Organisational efforts to improve diversity are having limited effect, largely down to unconscious bias, according to a leading specialist recruitment firm.

Freshminds, an award-winning recruitment consultancy that provides UK and European businesses with top talent, says recent figures show that while positive strides have been made to utilise technology and bypass existing biases that affect hiring and promotion decisions, a noticeable disparity between the sexes persists and shows no sign of abating.

Last month, a report published by McKinsey found that those companies with a low proportion of female and ethnically diverse executives were 29% more likely to financially underperform than their competitors.
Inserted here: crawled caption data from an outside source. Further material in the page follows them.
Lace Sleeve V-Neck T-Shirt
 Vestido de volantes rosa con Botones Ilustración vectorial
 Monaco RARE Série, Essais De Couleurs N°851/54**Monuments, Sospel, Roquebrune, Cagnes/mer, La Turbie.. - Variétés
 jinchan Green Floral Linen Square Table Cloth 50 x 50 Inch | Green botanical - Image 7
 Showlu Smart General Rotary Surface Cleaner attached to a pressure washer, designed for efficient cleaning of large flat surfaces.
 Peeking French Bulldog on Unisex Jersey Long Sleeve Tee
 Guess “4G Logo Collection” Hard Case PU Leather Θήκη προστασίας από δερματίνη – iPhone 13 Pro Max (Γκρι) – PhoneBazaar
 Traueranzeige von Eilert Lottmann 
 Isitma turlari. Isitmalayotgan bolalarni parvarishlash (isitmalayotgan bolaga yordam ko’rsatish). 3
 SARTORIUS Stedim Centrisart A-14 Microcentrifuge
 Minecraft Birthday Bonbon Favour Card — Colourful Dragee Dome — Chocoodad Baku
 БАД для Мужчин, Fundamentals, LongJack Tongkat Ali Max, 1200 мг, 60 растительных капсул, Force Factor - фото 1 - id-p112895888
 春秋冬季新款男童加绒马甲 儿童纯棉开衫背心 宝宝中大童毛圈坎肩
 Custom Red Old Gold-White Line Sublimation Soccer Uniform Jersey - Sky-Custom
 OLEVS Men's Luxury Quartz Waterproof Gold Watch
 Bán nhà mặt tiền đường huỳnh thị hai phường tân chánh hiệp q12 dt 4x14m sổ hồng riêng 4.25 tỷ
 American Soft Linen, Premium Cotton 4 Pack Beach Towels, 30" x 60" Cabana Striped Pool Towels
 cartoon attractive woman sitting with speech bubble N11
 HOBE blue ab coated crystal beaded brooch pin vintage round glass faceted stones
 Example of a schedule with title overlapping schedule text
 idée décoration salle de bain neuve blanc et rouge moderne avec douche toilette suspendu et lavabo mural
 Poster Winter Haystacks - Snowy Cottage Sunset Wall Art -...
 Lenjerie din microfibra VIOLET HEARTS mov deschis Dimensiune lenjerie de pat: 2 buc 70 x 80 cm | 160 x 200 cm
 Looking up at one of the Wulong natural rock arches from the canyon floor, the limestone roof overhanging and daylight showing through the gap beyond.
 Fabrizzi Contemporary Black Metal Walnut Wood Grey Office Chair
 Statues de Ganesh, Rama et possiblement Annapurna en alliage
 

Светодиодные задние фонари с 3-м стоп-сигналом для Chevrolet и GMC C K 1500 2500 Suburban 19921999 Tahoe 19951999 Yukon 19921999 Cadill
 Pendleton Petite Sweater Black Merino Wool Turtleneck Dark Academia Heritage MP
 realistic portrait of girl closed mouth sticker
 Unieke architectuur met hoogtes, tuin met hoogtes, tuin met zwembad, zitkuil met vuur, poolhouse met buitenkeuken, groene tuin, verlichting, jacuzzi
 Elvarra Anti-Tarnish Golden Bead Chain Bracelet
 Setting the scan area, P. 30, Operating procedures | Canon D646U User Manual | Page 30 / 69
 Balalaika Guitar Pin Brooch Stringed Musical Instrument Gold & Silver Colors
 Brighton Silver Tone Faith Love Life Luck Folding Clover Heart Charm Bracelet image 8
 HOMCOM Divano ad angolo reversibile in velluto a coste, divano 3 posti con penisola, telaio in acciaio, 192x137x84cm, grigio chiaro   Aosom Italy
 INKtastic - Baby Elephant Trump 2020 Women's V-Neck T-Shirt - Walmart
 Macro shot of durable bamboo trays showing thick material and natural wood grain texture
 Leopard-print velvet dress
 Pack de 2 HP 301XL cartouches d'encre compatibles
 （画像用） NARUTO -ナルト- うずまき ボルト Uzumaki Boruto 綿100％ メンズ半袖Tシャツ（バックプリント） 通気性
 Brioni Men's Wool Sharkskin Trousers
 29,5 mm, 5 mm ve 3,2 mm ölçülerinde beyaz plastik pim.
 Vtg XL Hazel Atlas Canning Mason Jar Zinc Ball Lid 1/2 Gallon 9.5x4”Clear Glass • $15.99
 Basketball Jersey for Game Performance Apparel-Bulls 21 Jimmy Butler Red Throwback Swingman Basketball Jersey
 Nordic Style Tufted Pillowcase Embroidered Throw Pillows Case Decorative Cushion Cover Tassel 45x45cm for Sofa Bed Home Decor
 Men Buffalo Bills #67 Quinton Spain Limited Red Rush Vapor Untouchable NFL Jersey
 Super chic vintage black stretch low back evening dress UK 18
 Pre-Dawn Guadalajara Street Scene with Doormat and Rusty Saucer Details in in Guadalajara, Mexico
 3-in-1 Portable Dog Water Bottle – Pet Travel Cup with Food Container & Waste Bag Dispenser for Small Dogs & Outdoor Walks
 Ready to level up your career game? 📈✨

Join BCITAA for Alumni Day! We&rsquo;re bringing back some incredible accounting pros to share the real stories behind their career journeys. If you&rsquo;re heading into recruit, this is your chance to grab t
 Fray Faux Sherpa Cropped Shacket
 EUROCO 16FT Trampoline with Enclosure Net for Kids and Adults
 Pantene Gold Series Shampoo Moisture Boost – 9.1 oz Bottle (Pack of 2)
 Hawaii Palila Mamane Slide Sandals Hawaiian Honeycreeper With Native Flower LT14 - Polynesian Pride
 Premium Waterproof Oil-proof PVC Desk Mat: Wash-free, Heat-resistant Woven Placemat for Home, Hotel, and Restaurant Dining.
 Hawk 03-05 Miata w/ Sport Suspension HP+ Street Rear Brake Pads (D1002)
Patrick White, Innovation Manager at Freshminds, said: “Although it is galling for those who consider the moral case for diversity enough, the mounting evidence of diversity’s commercial impact has seen it move from the passion project of a few individuals to a boardroom and investor level business concern.

“But the challenge organisations seek to overcome is the element of unconscious bias in the recruitment process. In the US, $8 billion is spent by corporates on ‘diversity training’ to no observable effect. The use of technology to improve is vital, but better technology needs to be applied more thoughtfully.

Take the example of Numerical Reasoning Tests. “These aptitude tests are the gateway to most top graduate corporate jobs and are, as the name suggests, focused on an individual’s ability to perform a range of numerical calculations, using fractions, percentages, multiplication and conversions. They seem on the face of it, as unbiased as you can get, but that is not the case.

“The pass rates differ according to our data by between 7%-20% between men and women. This would be fine if that was a real reflection of differing abilities, but all the data and research shows it has far more to do with risk appetite and confidence levels. The maths GCSE gap for grades A and above is only 1.8% after all. What is happening in these tests?”

If only a quarter of your applicants are female, having 20% more wiped out for reasons that have no reflection on job suitability is obviously not great, and can affect the long term structural makeup of the organisation’s workforce. Patrick added: “A rethink of how applicants are tested is needed to ensure they are being assessed on the core competencies needed for the job.” 

Unconscious bias has become a prominent issue over the last few years, with organisations across all industry sectors recognising both the moral imperative and the business benefits of having a diverse workforce.

Since 2011, the number of all-male FTSE boards has dropped from 152 in 2011 to eight today, yet the number of women occupying senior management roles remains disappointingly low. It’s a similar situation when it comes to ethnic minorities.

Despite people from black, Asian and ethnic minority (BAME) backgrounds making up almost 13% of the UK population, just 6% of management jobs are held by ethnic minorities – at a cost of £24bn to the economy every year (source: Race in the Workplace).

“Although just one part of the picture, if we do not start getting cleverer about fair and useful screening at entry levels we are unlikely to ever see equitable representation at management levels,” said Patrick White.

“Crucially, for organisations to achieve an equitable outcome when it comes to the way they recruit and promote applicants, they must test for what is relevant – unless of course the employer really does just want to know how good the candidate is at performing numerical reasoning tests.”

It is this element of the recruiting process that Freshminds will seek to overcome with the launch of their upcoming advanced Testing platform, Mapped. 

Mapped is an advanced testing platform built from the ground up to test candidates analytical skills fairly and rigorously. It’s built in partnership with Applied, a platform for fair hiring, and the first technology spin off from the Behavioural Insights Team.